Mr Read is nonetheless confident he can maintain a very substantial share of this market, and at decent margins too, though perhaps wisely after all that's happened, he's not prepared to put a number on it. Despite relatively low research and development expenditure, he claims to know his market and have the right products under development to service it.

Mr Read's view is backed by a recent Morgan Stanley/EMC survey of 41 wireless operators, 39 per cent of which listed Logica as their supplier of choice for next-generation messaging, quite a bit higher than anyone else including CMG. It'll be a while before we know whether these intentions translate into real orders but, if Mr Read is right, then Logica, an essentially well managed company whose substantial business outside mobile telephony seems to go almost wholly unnoticed, is severely undervalued. And if he's wrong...

Flying saucers

The U theory is pretty much discredited, as is the V. Lots of people still believe in the L or the W, but Sir Martin Sorrell, chief executive of WPP, having toyed with the bath-shaped recovery is now fully committed to the saucer. This is not as bad as an L, which presumably envisages no recovery at all but, if Sir Martin is right, it is going to feel quite bad enough. At least with a bath there's a steep climb back to economic health at the end of it. With a saucer, there's a long flat period, with a few bumps in the middle, followed by an anaemic little recovery which scarcely feels like a recovery at all.

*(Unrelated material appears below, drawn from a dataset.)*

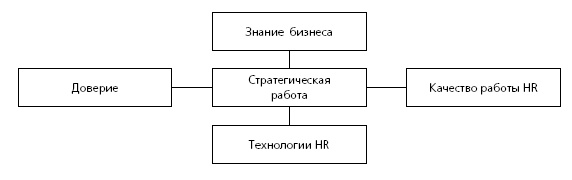 HR в борьбе за конкурентное преимущество HR в борьбе за конкурентное преимущество
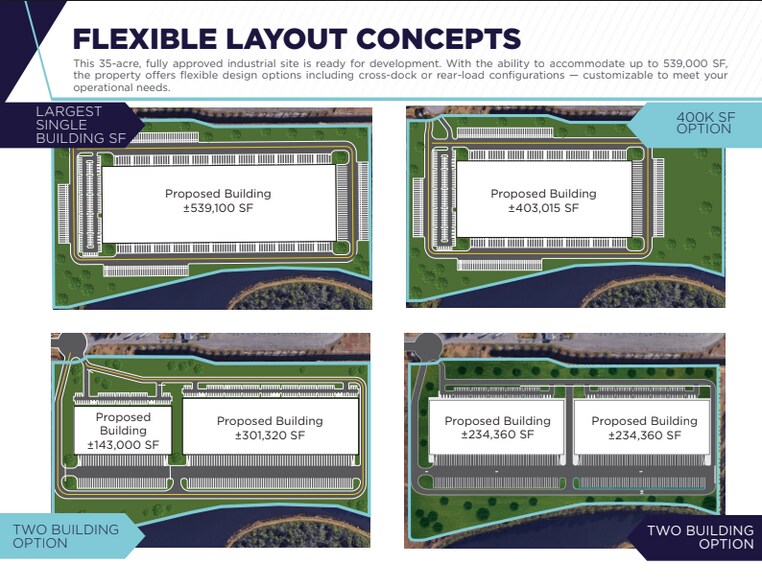 4070 Directors Rd, Jacksonville, FL à louer - Plan de site – Image 3 sur 3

It's a pretty gloomy prognosis for the world economy, and if you are wondering why the stock market has so far failed to respond to all those forecasts of a big bounce back in the second half, it is because investors still on the whole believe Sir Martin's analysis over the more optimistic ones. That said, the view from the poop deck of the global media business right now is a particularly dire one. In Britain and the US, advertising is suffering its worst downturn since anyone can remember, and there is as yet virtually no sign of a recovery. Every now and again things seem to be getting better, but then they plunge back down once more.

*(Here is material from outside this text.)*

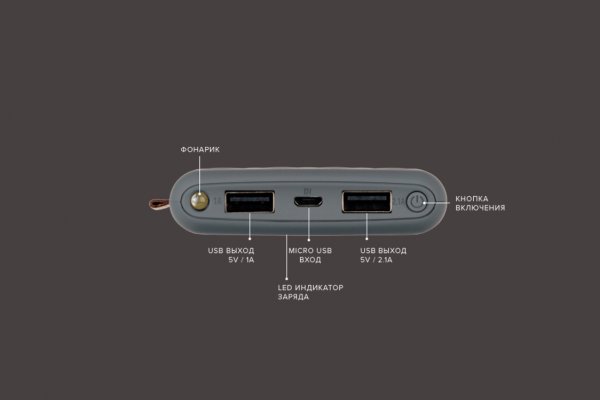 Как выбрать портативный аккумулятор (PowerBank)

So how come WPP managed to limit its own downturn in revenues last year on a like-for-like basis to just 3 per cent? Brilliant management, Sir Martin would insist. The revenue mix was changed, and WPP seems genuinely to be benefiting from its global reach in grabbing a greater share of a shrinking cake. Whether he can, as promised, eventually drive the margins to 20 per cent remains to be seen, but if the market remains as depressed as he fears, this is about the only way he's going to achieve bottom line growth this year.